Oh yes, no doubt about it, Rome is definitely where I would go if time travel were possible.  And I did finally make it Rome, albeit with a lapse of 2,057 years, on 6th November 2006 to be precise, arriving at Campino Airport around 8:30 p.m. Greenwich Mean Time plus 1.

Campino is Rome’s second airport and it looks it too!  It is a tiny airport which closes overnight, and on stepping out from the terminal building I was confronted with the inevitable construction works.  I quickly navigated the obstacles (for some reason I’m always in a hurry) and looked for a bus to the city.  I found one just about to leave and hopped on.

The bus was spacious and comfortable with only half a dozen of us travellers onboard and we were quickly on our way.  The driver was evidently in training for Monza as we sped along through the suburban Roman night, passing everything on our way.  But I love driving into new places at night, watching the suburbs slip past, more alert than I normally am, which probably isn’t saying very much.

We made the normally 40 minute journey in 30 minutes, and arrived at Termini, the main rail terminal in the centre of Rome. There is a large open space in front of the terminal, which looked deserted.  I quickly spotted a Metro sign and a narrow, dimly-lit flight of stairs leading downwards for about 10 or 15 yards, then apparently turning to the left.  I went down the stairway with some trepidation, not knowing what was around the turning, and found myself at the barrier to the escalators down to the platform. There was not a soul around.  I bought a ticket from a machine and went through the barrier and down to the platform……to find it heaving with people!  Then when the train arrived it too was packed.  I squashed myself on board and held on to what I could.

A beautiful Rome street.  My hotel was up there somewhere.


The Rome Metropolitana is not as extensive as the London underground or the Paris metro, and has very few stations in the city centre.  Its purpose is to ferry commuters from the suburbs into the city, so it did not take long to get the station of Circo Massimo, where I got off. 

Circo Massimo, or, to give it its Latin name, Circus Maximus, is where ancient Romans would go for a relaxing afternoon of chariot racing.  Nothing remains of the original stadium, which is now a public park, but with a little imagination you can still see the chariots with their white stallions charging around the circuit to the roar of the spectators and the occasional screams of a slave being whipped for some minor misdemeanour.  

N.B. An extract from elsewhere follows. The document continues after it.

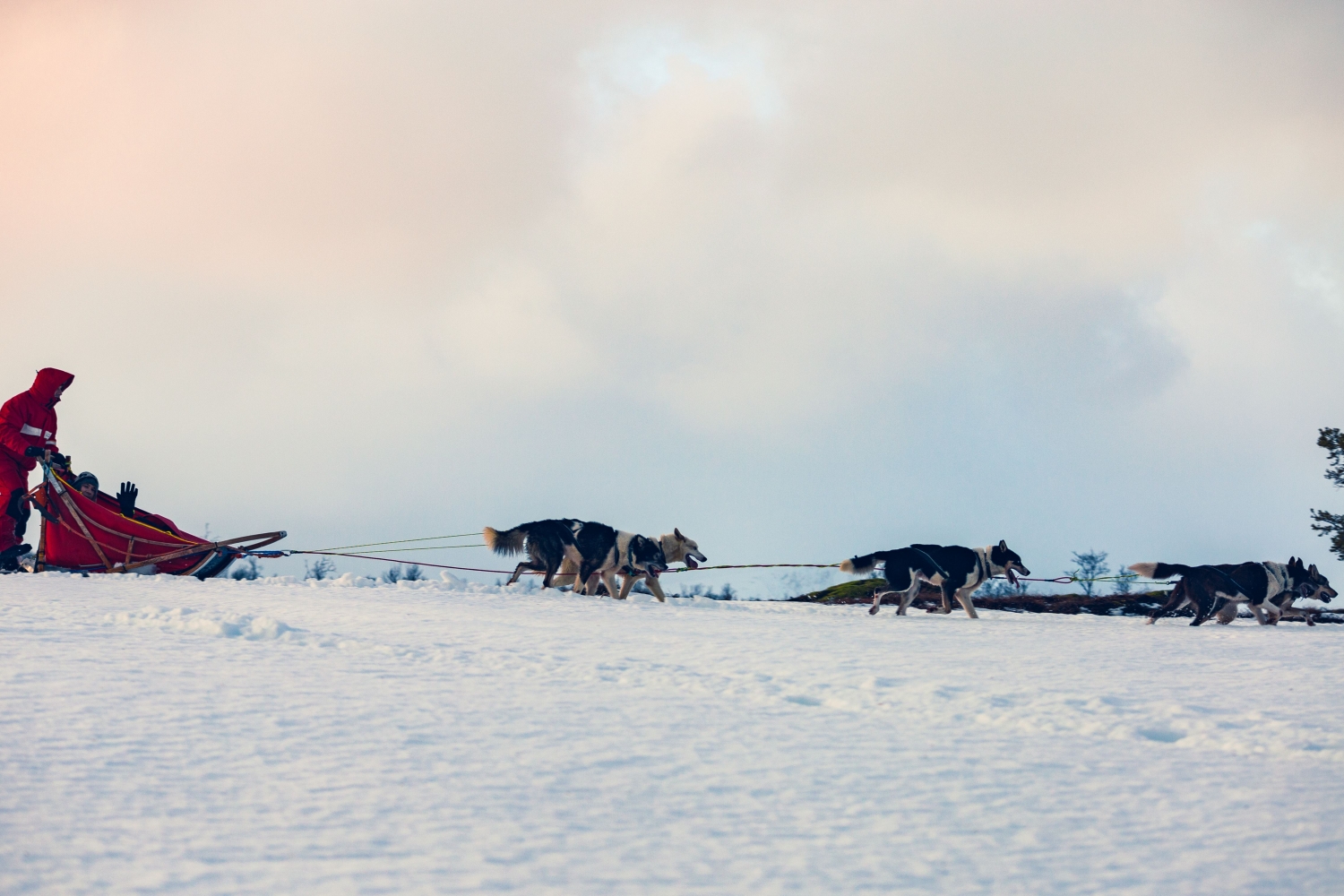 Hundekjøring i snødekt landskap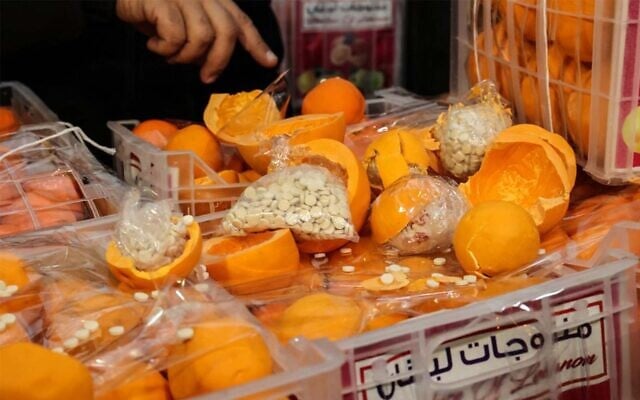Fake oranges filled with illegal Captagon pills at the Beirut port in Lebanon, on December 29, 2021. (Anwar Amro/AFP) Fake oranges filled with illegal Captagon pills at the Beirut port in Lebanon, on December 29, 2021. (Anwar Amro/AFP)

I got to my hotel next to the temple of the god Mithras, above the house of Aquila and Priscilla where St. Peter lived, and up to my room with a balcony overlooking a paved garden with palm and fruit trees - and how cool is that? The next morning I was up with the larks (though it was November so that was pretty late) and off for my first jaunt around the Eternal City.

I have never liked superlatives since nothing is ever that simple.  But if I did like superlatives I would say that the Beatles were the greatest pop artists of all time, Keats’ Ode to a Nightingale the greatest poem ever written, and Rome the most beautiful city in Christendom.  So, after dodging a hustler trying to sell me dodgy raffle tickets for a phoney charity (I know a dodgy charity raffle ticket hustler when I see one, that nun’s habit didn’t fool me), I set off in the direction of….the Pyramid.

Yes indeed there is a pyramid, but this isn’t what I was after, but the cemetery nearby which all English travel books call the Protestant Cemetery, but which is, in fact, the Non-Catholic Cemetery.  So my demands at passers-by for il cemitero protestante produced blank looks and “Non lo so”‘s.  Eventually a young woman helped me out, and after a bit more searching, I finally found it.  Right behind the pyramid, in fact!

The Pyramid from the Protestant Cemetery


The cemetery is where the tombs of two of England’s greatest poets are located - Percy Bysshe Shelley and John Keats.  And it took no effort at all to find them as they were certainly the most visited graves in the cemetery, with very clear and prominent signs directing the visitor.  Shelley’s tomb is at the highest point in the main part of the cemetery, and Keats’ in what looked like an extension.  Also, confusingly, Keats’ grave does not bear his name, though the one next to it does.  I lingered awhile, then set off to find the river and a nonchalant stroll into the centre.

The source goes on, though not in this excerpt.